Nei manuali di scienza politica delle società complesse c’è scritto che nella primissima fase della legislatura un nuovo governo è bene che vari riforme incisive (in gergo, strutturali) anche a costo di presentarsi come impopolare, ovvero di perdere quote di mercato dell’opinione pubblica. L’esecutivo Prodi è riuscito in un contro-miracolo: non ha avviato, o se preferite, ha procrastinato le vere riforme ed è arrivato lo stesso a fare il pieno dell’impopolarità.

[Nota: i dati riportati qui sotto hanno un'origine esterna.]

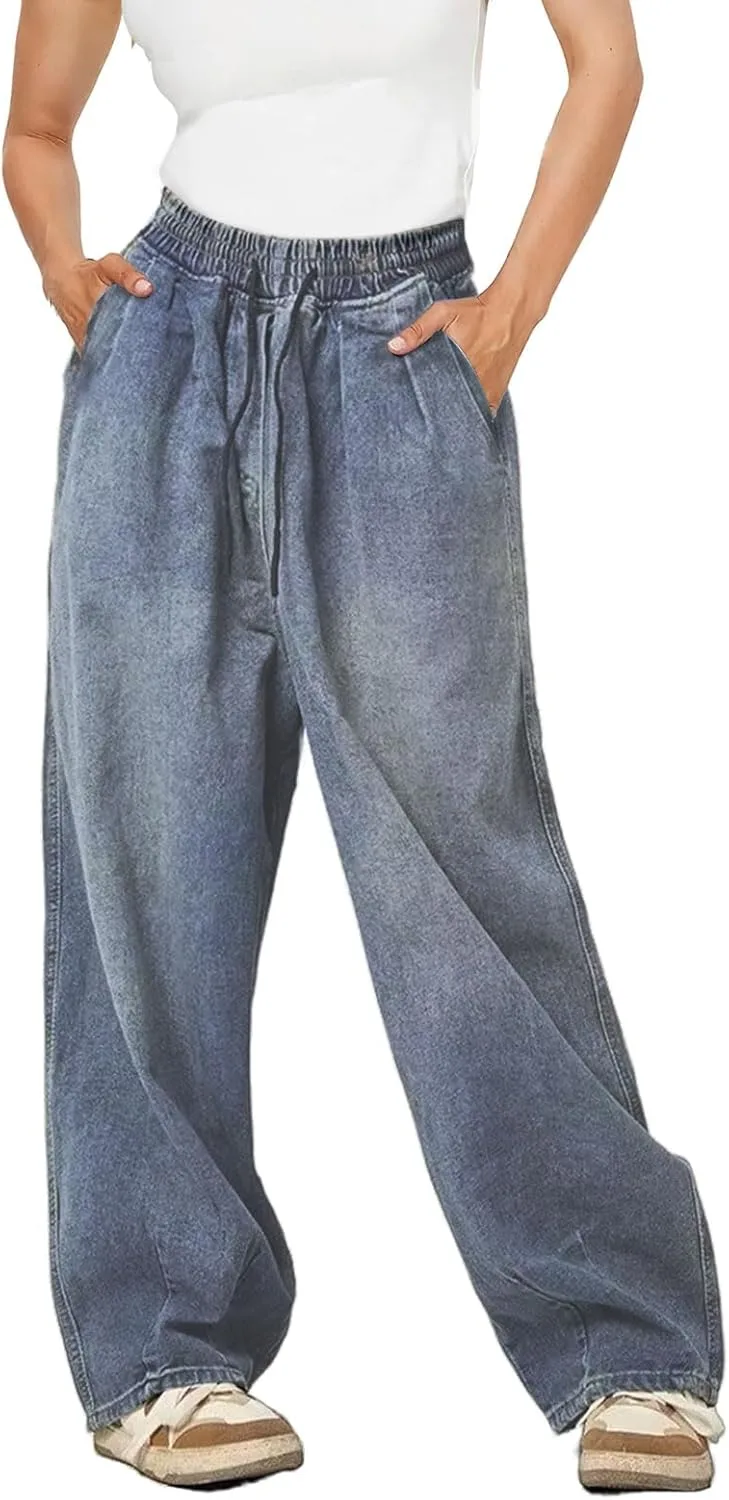 

Джинсы женские широкие на шнурке с высокой талией Djeanxa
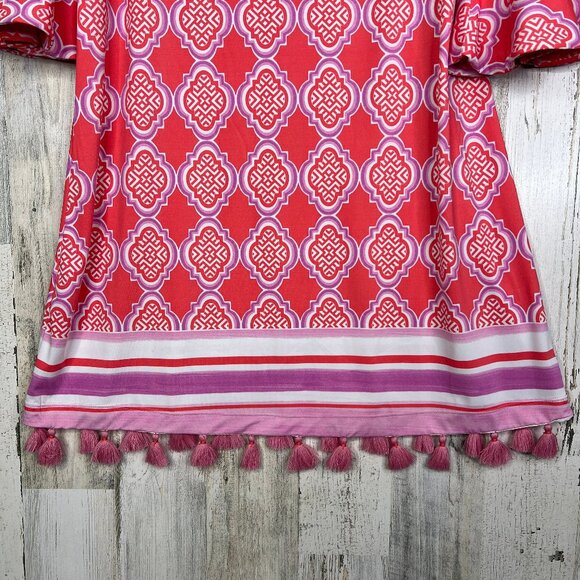 NEW! Coral Geo Off The Shoulder Dress Wowens Size Large Vacation Resort Wear - Picture 8 of 14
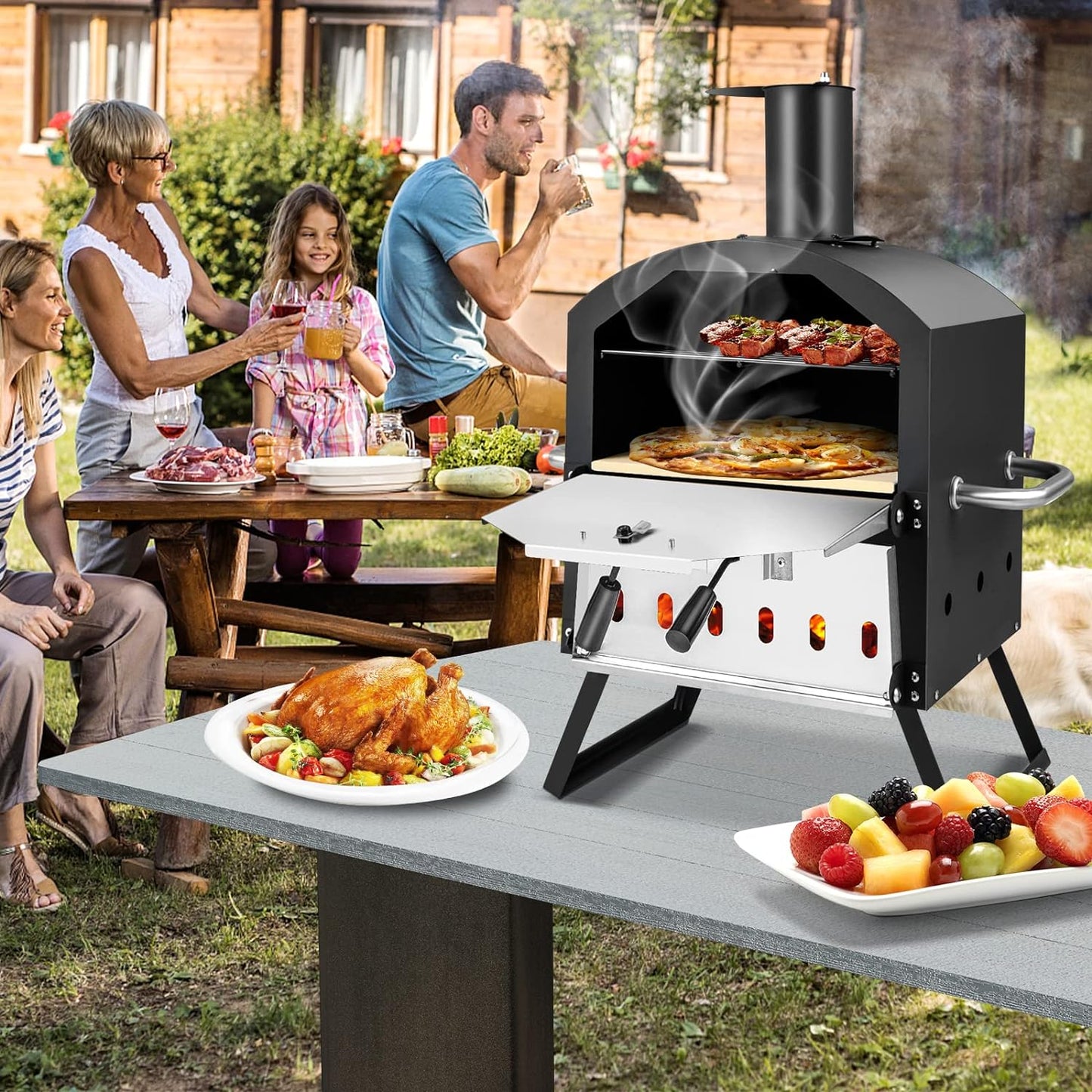 Portable Pizza Oven, Multi-Fuel Outdoor Pizza Maker W/Folding Legs & Portable Handles, 2-Tier Design, Adjustable Air Vents, Wood Fired Pizza Stove W/Pizza Stone, Pizza Peel, Waterproof Cover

Il Nord Est del lavoro autonomo è stato in queste settimane la spina dorsale delle mobilitazioni di piazza del centrodestra e il Nord Ovest operaio, con l’assemblea di Mirafiori, ha riservato severe contestazioni ai tre leader sindacali di Cgil-Cisl-Uil. Fischiati in quanto colpevoli di aver ceduto alle esigenze del governo amico. Vicenza e Torino unite nella protesta sono diventate l’asse dello scontento nazionale contro la Finanziaria. L’episodio della Fiat è particolarmente allarmante per l’Unione e lo è per almeno tre ordini di motivi. Come hanno documentato i ricercatori bolognesi dell’Istituto Cattaneo, il voto degli operai dipendenti di aziende private è stato il cambiamento più importante fatto registrare dagli orientamenti elettorali del 2006 e a beneficiarne è stato il centrosinistra. Cinque anni prima, alle Politiche del 2001, gli operai, le loro famiglie e i pensionati ex lavoratori manuali avevano dato un inatteso e importante contributo alla vittoria elettorale di Silvio Berlusconi. Il secondo motivo ha del paradossale: il governo ha impostato una Finanziaria da 35,4 miliardi (invece dei soli 15 necessari per rientrare nei parametri di Maastricht) anche e soprattutto per agire sulla redistribuzione del reddito, giudicata da Romano Prodi «iniqua». Ebbene una porzione significativa dei fruitori dell’ operazione che avrebbe dovuto portare i ricchi a piangere e gli operai perlomeno a sorridere non deve averlo capito. Ed evidentemente Guglielmo Epifani, Raffaele Bonanni e Luigi Angeletti non sono riusciti a spiegarglielo.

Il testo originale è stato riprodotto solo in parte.